Bridging the Cloud and Legacy EnvironmentsBy Tony Kontzer | Posted 2014-02-18 Email Print
Organizations are turning to a variety of integration workarounds as they attempt to move data between growing cloud environments and dwindling legacy resources.
By Tony Kontzer
When it comes to integrating the legacy and cloud environments he oversees, Larry Bonfante, CIO of the U.S. Tennis Association, has a simple solution: He doesn't.
Bonfante, whose primary focus is on supporting the annual U.S. Open Grand Slam tennis tournament, has neatly divided the USTA technology environment into three independent buckets: back-office applications, all running on Amazon's cloud infrastructure and supported by his IT team; several hosted consumer-facing applications that run in private data center facilities managed by the likes of Ticketmaster and Active.com; and a handful of standalone apps, such as departmental tools and file/print services, that run in the association's small internal data center.
There are no direct integrations between the USTA's partner systems and its Amazon cloud environment. Bonfante's team receives transaction and reporting data subsets from Ticketmaster and Active, the latter of which hosts USTA's proprietary TennisLink player-registration and event-management app. That data arrives as SQL databases, which are then fed into USTA's Infor Lawson financial app, but Bonfante characterizes it as a simple automated data feed, not a systems integration. In fact, no customer data is actually moved. It's all anonymized before being fed.
"There's not a need for integration with those systems," says Bonfante. "The staff-facing stuff is in the cloud, and the consumer-facing stuff is in our data center. There's no reason to mix apples and oranges."
As organizations have increasingly added software-as-a-service (SaaS) applications and other public cloud resources to their technological bag of tricks, figuring out how to bridge the old and new has become a growing area of focus. And while the USTA has been able to keep things tidily separated, not every company has that luxury.
"A big affect of cloud on the application and data landscape in an enterprise is that cloud tends to be peppered with one-point solutions that do one thing well," says Randy Heffner, an analyst with Forrester Research. "Some people will say that's the strength of cloud. Yes, there are benefits there, but they're not unmitigated benefits. You get into a very heavy fracturing of your enterprise across all of these application silos."
Addressing Integration Issues
Yuvi Kochar knows of what Heffner speaks. Kochar is CTO and vice president of technology at Graham Holdings, a diversified company with businesses in education (Kaplan), online media (Slate), cable and Internet (CableOne), and broadcasting (Post-Newsweek Stations, owner of six local television stations).
Known as The Washington Post Co. prior to Jeff Bezos' acquisition of the Post last summer, Graham finds itself adding more and more SaaS applications in order to meet its varied and specialized needs, and each of those applications needs to interact with virtualized instances of Oracle financials, PeopleSoft HR and Microsoft Exchange running in a private, hosted data center, Kochar reports. There are also on-premise and cloud-based shared services for things such as recruitment automation, learning and performance management, and financial reporting.
The PeopleSoft environment alone has 60 integrations, with pension and benefits providers, a variety of SaaS apps, and several of those shared services. All of the integrations are hard-wired, some with Web services integration tools, and others using FTP servers or data-direct connections. It's the tip of an iceberg Kochar hopes to address in the coming years.

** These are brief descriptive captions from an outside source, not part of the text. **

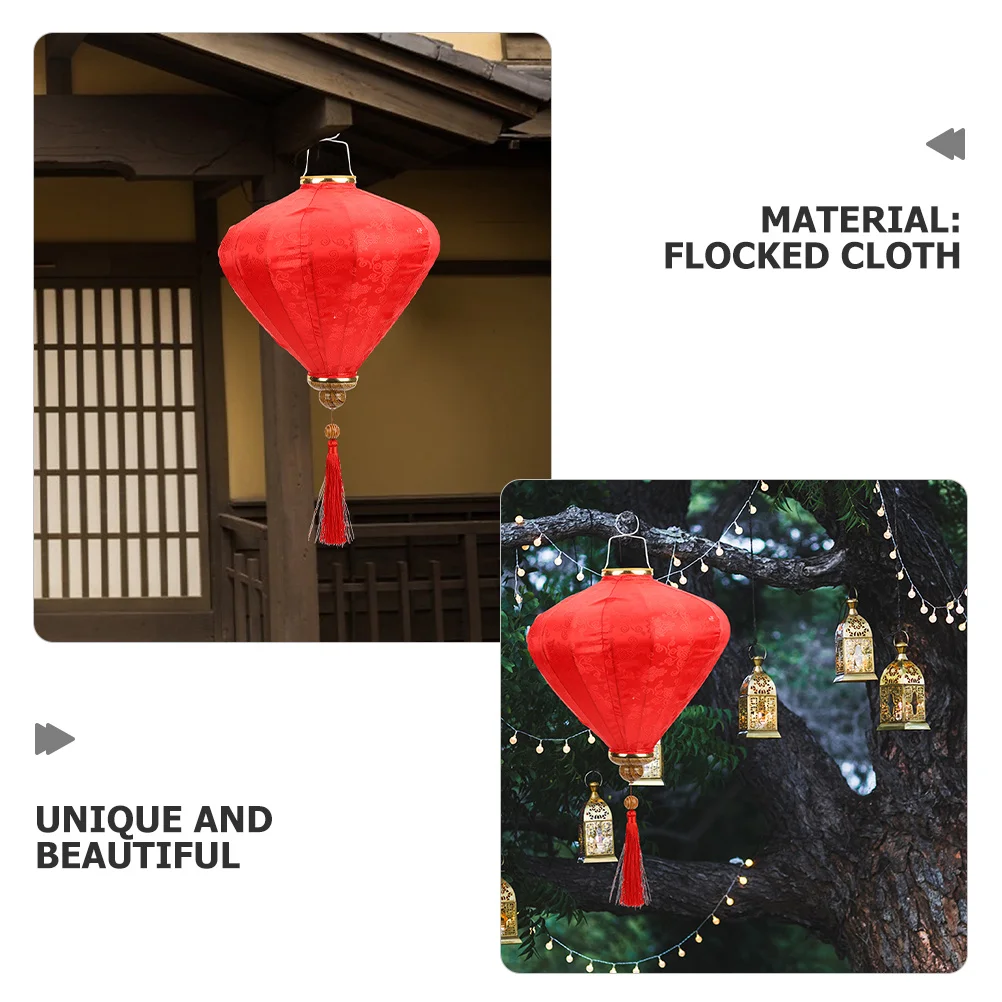 

1pcs Hanging Lantern Decor For Outdoor Indoor Festival Wedding Party Garden Vietnamese Cloth Lanterns Chinese Style Light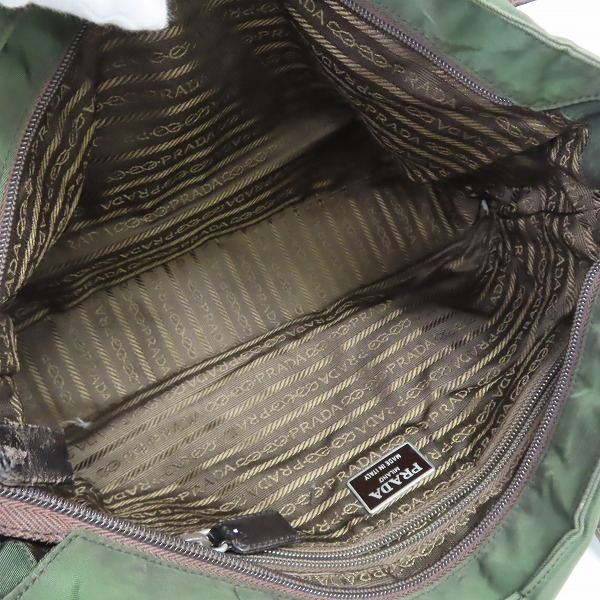 実際に弊社で買取させて頂いたPRADA/プラダ ナイロン/レザー ハンドバッグ/ショルダーバッグの画像 4枚目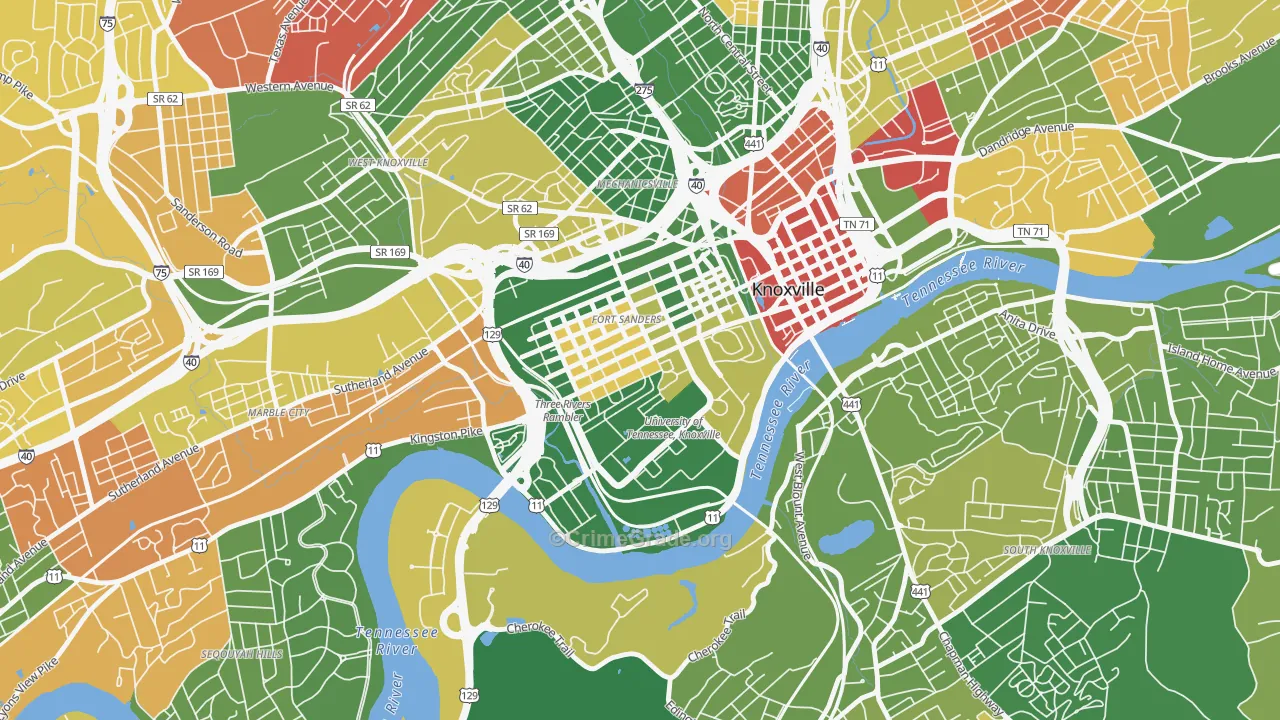 37916, TN Map of Drug-Related Crime Rates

"We're very poorly resourced in terms of integration, but I do want to start migrating away from that," says Kochar. "I don't like this spaghetti of an integration architecture. It works well, but it's a maintenance nightmare and requires a lot of care and feeding."
For instance, a change to any single integration requires at least four weeks to complete because of the sheer number of moving parts that have to be coordinated. That kind of lengthy process is cutting into Graham's agility and slowing its time to market, Kochar says, and that's a big reason he's planning to replace his current integration architecture sometime in 2015.